Charles A. Kupchan, professor of international affairs at Georgetown University, wrote an op-ed for the August 16th New York Times titled, "Democracy in Egypt Can Wait."   He expands on something I have struggled with:   Do we push democracy on nations that are not prepared for it, and does that sometimes makes things worse for their people?

Kupchan writes:
"Across the Middle East, glimmerings of democracy ae being snuffed out by political turmoil and violence.

"That reality requires a sobering course correction in American policy.  Rather than viewing the end of autocracy's monopoly in the region, Washington should downsize its ambition and work with transitional governments to establish the foundations of responsible, even if not democratic, rule. . . . "
This runs counter to the drumbeat from hawks, like Sens. McCain and Graham, and from anti-Obama forces who just relish another thing to blame on Obama's "weakness."   Kupchan continues:
"But while Washington must unequivocally condemn the violence unleashed by the Egyptian military, clamoring for a rapid return to democracy is misguided. . . .   [T]he penchant for rushing transitional states to the ballot box often does more harm than good, producing dysfunctional and illiberal regimes. . . .  

"Rather than cajoling Cairo to hold elections and threatening to suspend aid if it does not, Washington should press the current leadership to adhere to clear standards of responsible government. . . . 

"At this fragile moment in Egypt's political awakening, the performance of its government will be a more important determinant of its legitimacy and durability than whether it won an election. . . .  In nations that lack experience with constitutional constraints and democratic accountability, electoral victors usually embrace winner-take-all strategies;  they shut out the opposition, govern as they see fit and unsettle their neighbors. . . .

"Incremental change produces more durable resultsliberal democracies must be constructed from the ground up.   Constitutional restraint, judicial reform, political parties, economic privatization -- these building blocks of democratic societies need time to take root. . . .  

"The United States should do what it can to shepherd the arrival of liberal democracy in Egpyt and other parts of the Middle East.  
But the best way to do that is to go slow and help the region's states build functioning and resopnsible governmentsDemocracy can wait."
This makes sense to me.

If only our politicians and our frenetic media were mature enough to stop and think it through -- instead some elements are rushing headlong into dismantling some of the key building blocks of our own democracy, willful voter suppression being one.


Sunday, August 18, 2013

Some GOP quotes

Who said there is no diversity in the Republican party?

1.    The reasonable:   Rep. Tom Cole (R-OK) about some Republicans threat to shut down the government unless they defund ObamaCare: 
"It seems to me there's appropriate ways to deal with the law, but shutting down the government to get your way over an unrelated piece of legislation is the political equivalent of throwing a temper tantrum.
2.  The extreme:   Rep. Paul Braun (R-GA), flaunting his position as the ultra-conservative candidate in a crowded field for the Republican nomination to replace Sen. Saxby Chambliss, said the following:
On taxes:  "Ten percent is good enough for the Lord, so it ought to be good enough for Uncle Sam."
On abortion:   "Planned Parenthood wants to continue abortion all the way up to the second that the head pops out, that the whole body pops out."
Remember Paul Braun is a doctor, so he should know about such things, right?   Yeah.   But he also insists that "The theory of evolution is a lie straight from the pits of hell."

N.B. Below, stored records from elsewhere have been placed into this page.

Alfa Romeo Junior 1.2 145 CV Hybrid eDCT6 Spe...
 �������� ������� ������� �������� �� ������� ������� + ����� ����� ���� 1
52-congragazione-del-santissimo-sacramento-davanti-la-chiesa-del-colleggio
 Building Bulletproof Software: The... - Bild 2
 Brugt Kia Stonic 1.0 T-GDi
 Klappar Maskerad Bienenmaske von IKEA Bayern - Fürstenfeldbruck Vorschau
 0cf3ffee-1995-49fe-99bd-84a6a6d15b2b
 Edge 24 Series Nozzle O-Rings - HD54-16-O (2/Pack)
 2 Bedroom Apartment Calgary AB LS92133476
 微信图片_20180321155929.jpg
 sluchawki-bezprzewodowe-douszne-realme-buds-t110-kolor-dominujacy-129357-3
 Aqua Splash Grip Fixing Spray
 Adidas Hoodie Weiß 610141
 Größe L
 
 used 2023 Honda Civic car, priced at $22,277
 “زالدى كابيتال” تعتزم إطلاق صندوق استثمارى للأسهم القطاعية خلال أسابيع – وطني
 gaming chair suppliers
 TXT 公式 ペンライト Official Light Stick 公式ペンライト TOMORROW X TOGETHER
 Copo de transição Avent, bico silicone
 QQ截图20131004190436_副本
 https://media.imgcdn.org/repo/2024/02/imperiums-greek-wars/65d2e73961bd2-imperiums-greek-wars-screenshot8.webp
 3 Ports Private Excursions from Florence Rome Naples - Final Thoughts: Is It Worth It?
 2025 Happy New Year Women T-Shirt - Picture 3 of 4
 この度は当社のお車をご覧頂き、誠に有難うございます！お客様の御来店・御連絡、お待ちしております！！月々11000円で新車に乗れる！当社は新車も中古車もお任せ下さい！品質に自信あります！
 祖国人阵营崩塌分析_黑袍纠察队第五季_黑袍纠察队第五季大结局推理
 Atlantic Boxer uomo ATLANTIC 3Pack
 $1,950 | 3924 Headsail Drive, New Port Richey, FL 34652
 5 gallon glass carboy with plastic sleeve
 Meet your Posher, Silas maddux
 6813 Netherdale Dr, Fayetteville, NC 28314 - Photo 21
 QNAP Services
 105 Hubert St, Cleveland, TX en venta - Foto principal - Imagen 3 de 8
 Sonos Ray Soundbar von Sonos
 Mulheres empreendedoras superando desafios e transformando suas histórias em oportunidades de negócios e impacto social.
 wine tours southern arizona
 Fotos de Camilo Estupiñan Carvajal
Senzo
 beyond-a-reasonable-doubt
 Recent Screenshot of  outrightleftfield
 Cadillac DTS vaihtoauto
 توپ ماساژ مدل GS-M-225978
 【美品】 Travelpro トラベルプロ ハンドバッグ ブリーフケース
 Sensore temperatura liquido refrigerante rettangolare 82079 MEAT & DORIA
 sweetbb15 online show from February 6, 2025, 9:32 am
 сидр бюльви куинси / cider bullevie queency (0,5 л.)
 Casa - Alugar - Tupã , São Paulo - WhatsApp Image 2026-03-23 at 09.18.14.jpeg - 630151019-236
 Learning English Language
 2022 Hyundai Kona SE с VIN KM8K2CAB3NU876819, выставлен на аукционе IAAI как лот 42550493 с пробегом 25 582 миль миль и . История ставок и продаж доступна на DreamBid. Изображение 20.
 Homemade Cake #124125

Unfortunately, Braun's rhetoric represents the strangle-hold his ilk has on the Congress.  To further illustrate his unreasonable positions:    He wants to cut taxes in half but have good quality health care for all Americans, provide quality education for all children, and take care of senior citizens; be good stewards of our environment (in the biblical sense) but abolish the EPA.

He wants us to have all these things;  he just doesn't trust the federal government to do them, so he wants to abolish all the bureacracies -- and cut taxes in half.

So what's the treatment plan, Dr. Braun?   We're waiting for some details that make sense.